From the former, Stevens brought back Liz Taylor, a star on the cusp of greatness. Just one year after Giant, she would begin a streak of four Oscar nominations in a row: Raintree Country (1957), Cat on a Hot Tin Roof (1958), Suddenly, Last Summer (1959) and winning for Butterfield 8 (1960). She would win again for Who’s Afraid of Virginia Woolf? (1966), exactly 10 years after Giant, so you might say her Leslie comes just as she was coming into her own. And what a fine leading lady she makes, both with her beauty (she has purple eyes!) and her air of independence, holding her own against men, and against the conservative matriarch, McCambridge, whose authenticity earned her an Oscar nomination.

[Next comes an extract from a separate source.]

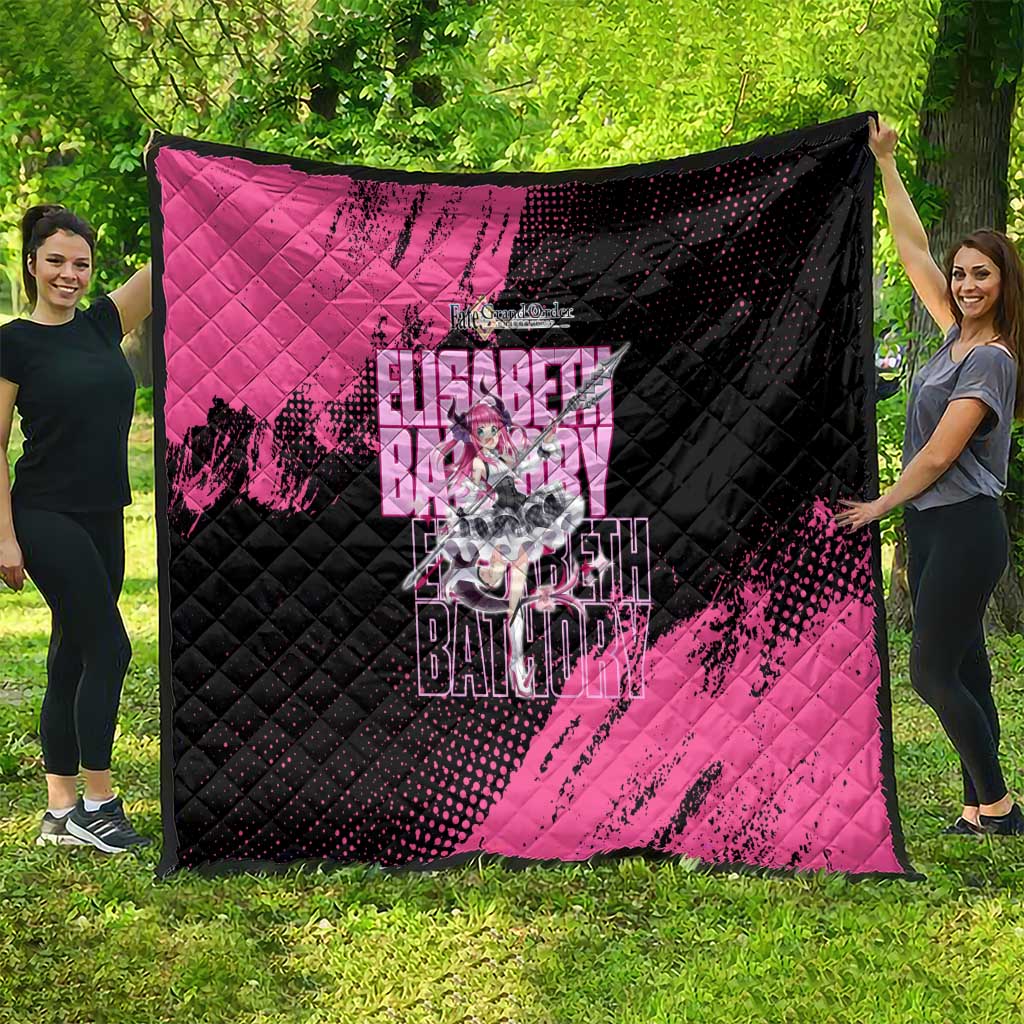 Elisabeth Bathory Fate Grand Order Quilt Gothic Anime Splash Art Style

As for Hudson, it may very well be his career performance. He became well known across the screen from Doris Day in films like Pillow Talk (1959) and under Douglas Sirk in All That Heaven Allows (1955) and Written on the Wind (1956). But Giant remains the only film that ever earned Hudson an Oscar nomination. It’s his performance that’s responsible for carrying the film’s entire theme, and his role as a man finding tolerance must have been closer to his heart than anyone even knew at the time. Nearly 30 years later, when Hudson died of AIDS, we learned of his long repressed homosexuality. As Morgan Fairchild said, “Rock Hudson’s death gave AIDS a face,” (C) and looking back Giant, one can see its message apply to a new kind of tolerance for the 21st century.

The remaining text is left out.